Step1: Recall simple interest formula

The formula for the amount \( A \) in a simple - interest account is \( A = P(1 + rt) \), where \( P \) is the principal amount, \( r \) is the annual interest rate (in decimal form), and \( t \) is the time in years.

Step2: Identify values of \( P \), \( r \), and \( t \)

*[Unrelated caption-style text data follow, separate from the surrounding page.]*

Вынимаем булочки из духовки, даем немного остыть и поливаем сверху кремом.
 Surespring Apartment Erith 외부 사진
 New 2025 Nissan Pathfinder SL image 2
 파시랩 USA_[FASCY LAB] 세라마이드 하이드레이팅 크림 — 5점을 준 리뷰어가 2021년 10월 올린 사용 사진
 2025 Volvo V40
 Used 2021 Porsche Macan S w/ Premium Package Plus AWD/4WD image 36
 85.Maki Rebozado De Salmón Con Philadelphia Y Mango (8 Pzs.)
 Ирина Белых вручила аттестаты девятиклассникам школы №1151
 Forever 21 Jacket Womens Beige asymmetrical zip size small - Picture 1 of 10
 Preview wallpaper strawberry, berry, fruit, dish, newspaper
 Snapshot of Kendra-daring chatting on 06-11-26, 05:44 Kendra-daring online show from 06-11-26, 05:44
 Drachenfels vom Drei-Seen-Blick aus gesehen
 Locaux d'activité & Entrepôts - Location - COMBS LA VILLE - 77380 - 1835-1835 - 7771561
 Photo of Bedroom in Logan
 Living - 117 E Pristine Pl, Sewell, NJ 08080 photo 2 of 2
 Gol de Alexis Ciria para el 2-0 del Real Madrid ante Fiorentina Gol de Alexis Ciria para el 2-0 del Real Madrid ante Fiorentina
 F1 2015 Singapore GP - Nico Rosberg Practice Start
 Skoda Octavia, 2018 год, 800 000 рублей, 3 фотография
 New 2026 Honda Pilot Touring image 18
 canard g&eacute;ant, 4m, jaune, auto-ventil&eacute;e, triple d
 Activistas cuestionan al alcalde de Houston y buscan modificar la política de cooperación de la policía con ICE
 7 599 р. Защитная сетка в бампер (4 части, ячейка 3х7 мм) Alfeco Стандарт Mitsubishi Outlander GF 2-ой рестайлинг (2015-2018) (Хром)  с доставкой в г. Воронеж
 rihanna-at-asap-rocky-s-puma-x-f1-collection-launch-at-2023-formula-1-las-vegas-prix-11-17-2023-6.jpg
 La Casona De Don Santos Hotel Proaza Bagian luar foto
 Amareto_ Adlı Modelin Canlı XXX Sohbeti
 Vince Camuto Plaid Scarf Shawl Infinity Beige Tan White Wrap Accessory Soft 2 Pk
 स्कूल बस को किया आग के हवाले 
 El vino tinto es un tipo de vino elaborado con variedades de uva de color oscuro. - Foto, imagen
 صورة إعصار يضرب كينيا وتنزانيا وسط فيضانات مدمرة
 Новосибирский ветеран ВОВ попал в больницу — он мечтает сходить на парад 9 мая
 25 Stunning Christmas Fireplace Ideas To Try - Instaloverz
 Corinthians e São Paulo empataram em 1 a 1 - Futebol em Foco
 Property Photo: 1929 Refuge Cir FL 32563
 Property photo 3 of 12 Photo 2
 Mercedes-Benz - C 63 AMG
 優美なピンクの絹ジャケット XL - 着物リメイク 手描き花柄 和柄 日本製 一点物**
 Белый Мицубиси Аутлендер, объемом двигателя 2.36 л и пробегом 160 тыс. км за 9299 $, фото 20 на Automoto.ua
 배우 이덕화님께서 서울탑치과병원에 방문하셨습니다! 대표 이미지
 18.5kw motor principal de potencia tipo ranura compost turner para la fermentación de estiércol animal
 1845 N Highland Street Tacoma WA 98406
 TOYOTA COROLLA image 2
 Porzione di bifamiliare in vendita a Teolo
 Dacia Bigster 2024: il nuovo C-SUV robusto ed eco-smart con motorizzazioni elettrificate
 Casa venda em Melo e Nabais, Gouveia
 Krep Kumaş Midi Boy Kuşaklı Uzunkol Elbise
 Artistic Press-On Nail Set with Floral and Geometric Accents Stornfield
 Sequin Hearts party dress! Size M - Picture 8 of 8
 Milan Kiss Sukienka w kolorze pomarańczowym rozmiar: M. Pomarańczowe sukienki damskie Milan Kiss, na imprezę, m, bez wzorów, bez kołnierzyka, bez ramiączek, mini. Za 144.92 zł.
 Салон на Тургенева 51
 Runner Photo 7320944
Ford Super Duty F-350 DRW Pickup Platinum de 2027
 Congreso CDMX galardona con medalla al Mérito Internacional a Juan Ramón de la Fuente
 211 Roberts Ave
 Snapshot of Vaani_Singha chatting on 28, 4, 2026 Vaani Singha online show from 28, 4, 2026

• The principal amount \( P=\$600\).
• The annual interest rate \( r = 2\%=0.02\) (since to convert a percentage to a decimal, we divide by 100, so \( 2\div100 = 0.02\)).
• The time \( t = 3\) years.

Step3: Substitute values into the formula

Substituting \( P = 600\), \( r=0.02\), and \( t = 3\) into the formula \( A=P(1 + rt) \), we get the expression \( 600(1 + 0.02\cdot3) \).

Answer:

The first box (the coefficient of the parentheses) is \( 600 \), the second box (the interest rate in decimal) is \( 0.02 \), and the third box (the time in years) is \( 3 \). So the completed expression is \( \boldsymbol{600}(1+\boldsymbol{0.02}\cdot\boldsymbol{3}) \)